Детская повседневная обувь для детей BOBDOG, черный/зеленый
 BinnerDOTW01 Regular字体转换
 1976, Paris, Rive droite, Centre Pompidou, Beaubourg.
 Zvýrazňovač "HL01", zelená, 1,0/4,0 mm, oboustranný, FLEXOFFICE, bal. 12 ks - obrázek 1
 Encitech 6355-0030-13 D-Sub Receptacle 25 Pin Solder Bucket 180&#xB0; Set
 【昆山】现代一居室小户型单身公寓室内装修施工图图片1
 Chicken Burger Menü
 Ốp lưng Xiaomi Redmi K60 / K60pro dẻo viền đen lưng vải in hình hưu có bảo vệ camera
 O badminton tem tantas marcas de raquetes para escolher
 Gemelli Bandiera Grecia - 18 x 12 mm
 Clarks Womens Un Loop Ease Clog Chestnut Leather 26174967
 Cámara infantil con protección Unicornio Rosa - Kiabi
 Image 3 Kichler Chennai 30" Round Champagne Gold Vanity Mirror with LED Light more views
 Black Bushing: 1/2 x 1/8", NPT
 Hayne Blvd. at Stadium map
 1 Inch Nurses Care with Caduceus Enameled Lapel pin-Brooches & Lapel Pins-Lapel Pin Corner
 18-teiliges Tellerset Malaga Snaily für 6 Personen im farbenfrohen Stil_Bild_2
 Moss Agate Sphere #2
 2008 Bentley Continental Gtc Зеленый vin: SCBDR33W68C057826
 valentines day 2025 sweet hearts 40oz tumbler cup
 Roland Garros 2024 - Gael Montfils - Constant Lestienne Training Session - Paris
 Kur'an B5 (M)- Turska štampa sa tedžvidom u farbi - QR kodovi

......

WHAT THE TASK REQUIRES: Would you copy out exactly the lines above that start at the one containing "- obrázek 1" and end at the one containing "Ốp lưng Xiaomi", inclusive?

FINAL ANSWER:
 Zvýrazňovač "HL01", zelená, 1,0/4,0 mm, oboustranný, FLEXOFFICE, bal. 12 ks - obrázek 1
 Encitech 6355-0030-13 D-Sub Receptacle 25 Pin Solder Bucket 180&#xB0; Set
 【昆山】现代一居室小户型单身公寓室内装修施工图图片1
 Chicken Burger Menü
 Ốp lưng Xiaomi Redmi K60 / K60pro dẻo viền đen lưng vải in hình hưu có bảo vệ camera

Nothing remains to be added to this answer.